As he told the TUC a fortnight ago, he would “cut costs, cut inefficiencies, cut unnecessary programmes and cut lower priority budgets”, which begs the question as to why costs are so high, inefficiencies are endemic, unnecessary programmes are there in the first place and, given the fact that the public finances have been looking rocky for some years, lower priority budgets were ever given any priority at all. Even a casual perusal of the quite excellent work done by the UK Centre for the Measurement of Government Activity (UKCeMGA, to be found on the ONS website), shows that the performance of public sector productivity has been atrocious over the past decade. According to UKCeMGA’s data healthcare and education were two of the worst culprits. If such a performance were replicated by any private business in even a faintly competitive market it would have effectively signed its own death warrant.
And, lo, I read in today’s “Sunday Telegraph” that the Prime Minister has a plan “to bind this and future governments into years of severe spending cuts – and potential tax rises – to reduce the [public sector] deficit”. Leaving aside the fact that Governments cannot bind their successors, this indeed is a Damascene conversion for a man who has spent the last 5 years (or so) chanting about Labour’s “investment” in public services versus “Tory spending cuts”. Mr Brown will in future be arguing that it is “fair and responsible” to bring in a “Fiscal Responsibility Act” which, apparently, will probably be introduced in the next Parliamentary session. Well better the sinner that repenteth…

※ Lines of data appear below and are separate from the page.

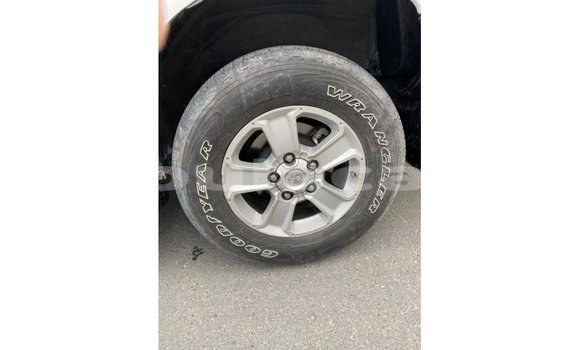 Acheter Import Voiture Toyota Sequoia Blanc à Import - Dubai, Central Acheter Import Voiture Toyota Sequoia Blanc à Import - Dubai, Central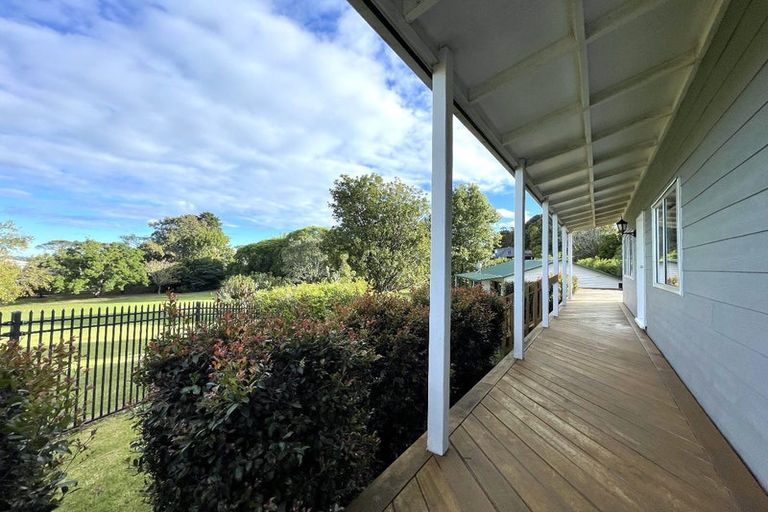 Photo of property in 15 Dalwhinnie Parade, Highland Park, Auckland, 2010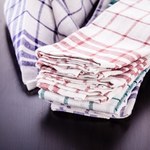 Gdzie wyrzucać brudne ścierki? Pojawiają się sprzeczne informacje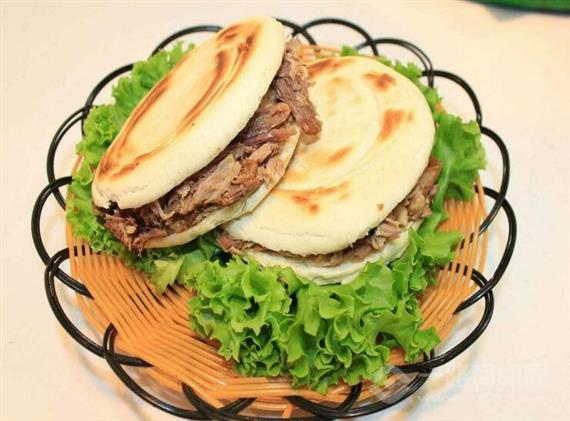 奉天波波肉夹馍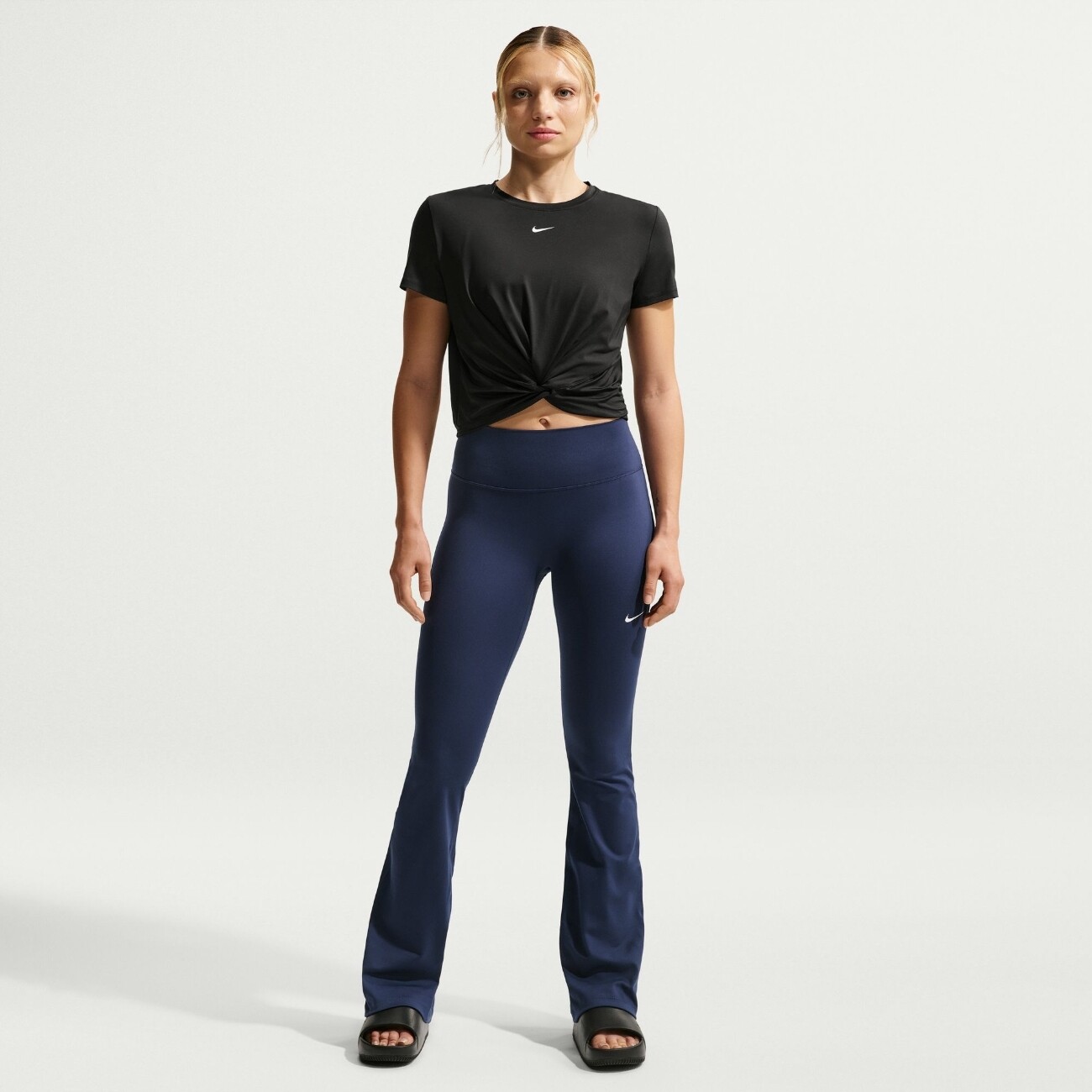 Футболка Nike One Classic Twist Dri-FIT (HJ1054013) - фото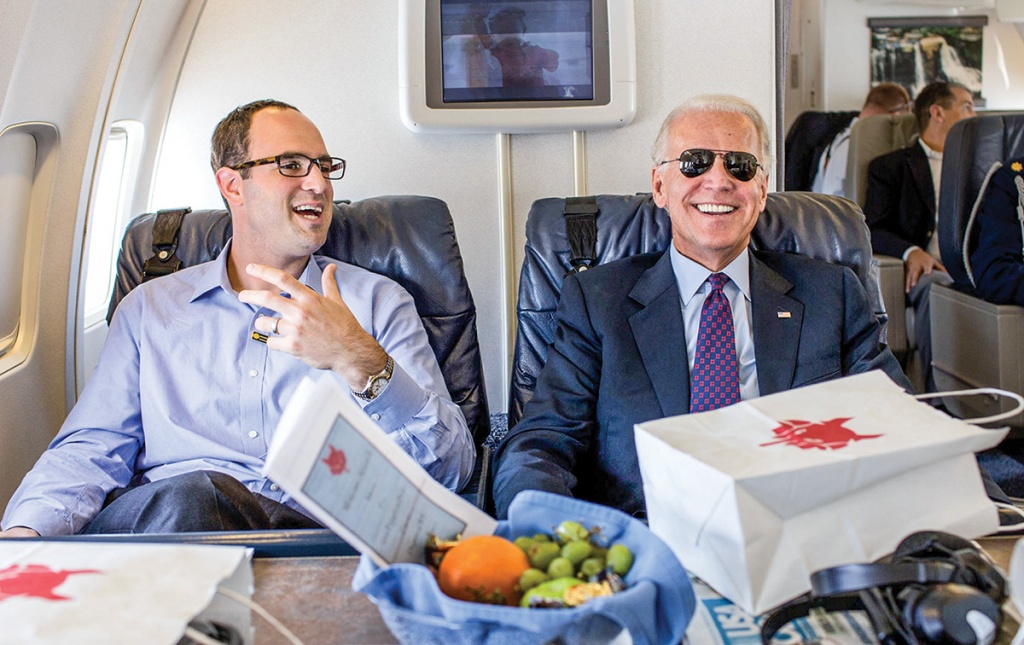 Image of Jeffrey Nussbaum with then Vice-President Biden on a plane/Official White House Photo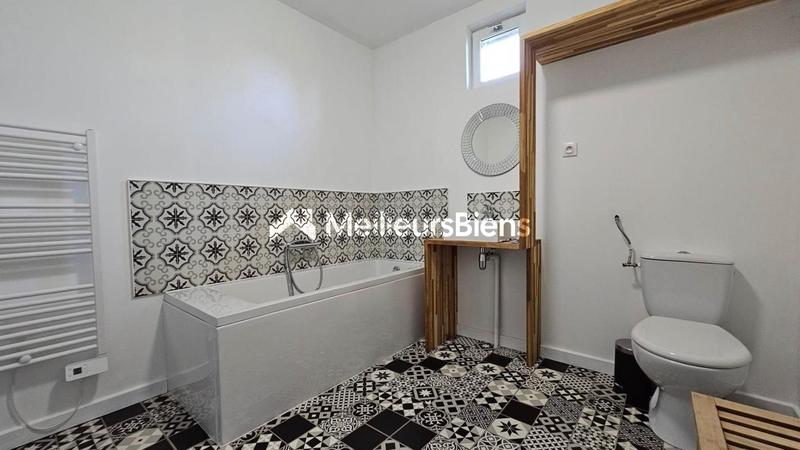 Maison - 328 m² - 8 pièces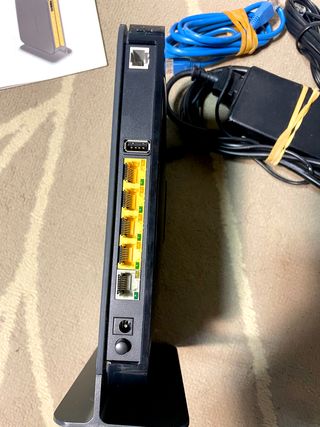 Modem Router WiFi Netgear DGND4000 N750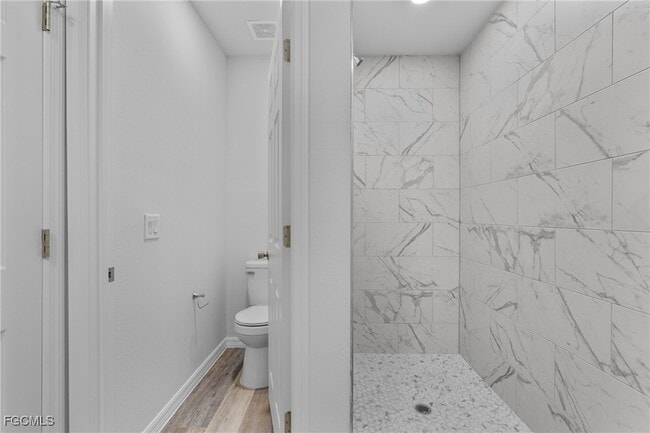 Building Photo - 945 Butler St E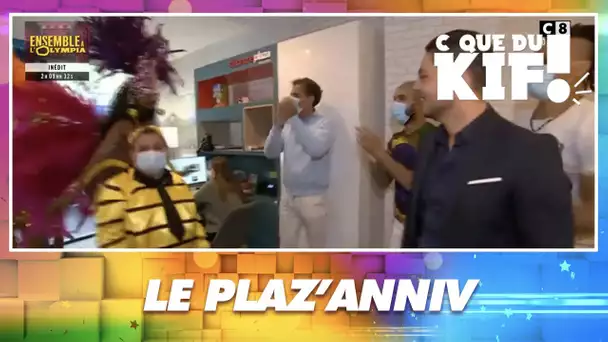 Cyril Hanouna souhaite un joyeux anniversaire à Stéphane Plaza dans une de ses agences !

The task of getting the public finances into shape is formidable. In the April Budget, Chancellor Darling’s projections included the objective of balancing the “cyclically-adjusted current budget” by financial year 2017/18 (FY2017) and contained plans for fiscal tightening. Specific measures have been announced that will deliver about half of the projected tightening. Since April the public sector finances have, if anything, worsened as the economy has underperformed compared with the Budget economic forecast. Moreover, the wisdom of having so distant a target for balancing the budget has been questioned. But if a less distant is picked then clearly the tightening will have to be even more stringent. I calculated that, if a target of zero public borrowing by FY2015 is chosen for illustrative purposes, another £70-90bn of fiscal tightening would be required over the period FY2010 toFY2015. (The details can be found on www.arbuthnot.co.uk.) These numbers are simply eye-watering.
Given the expected scale of fiscal tightening over the next few years, there has to be the danger that the higher taxes and/or spending cuts will undermine the economy’s recovery – if not throwing it back into recession. But I take the view that the financial position is so dire that the most sensible objective would be to get the tightening over as quickly as possible and trust that the Bank of England could maintain overall spending power in the economy at a satisfactory level by keeping interest rates low, extending quantitative easing if necessary. The pound too will remain weak – thus aiding the all-too-necessary rebalancing of the economy from excess domestic expenditure and large current account deficits to a more sustainable domestic sector and a more balanced external sector.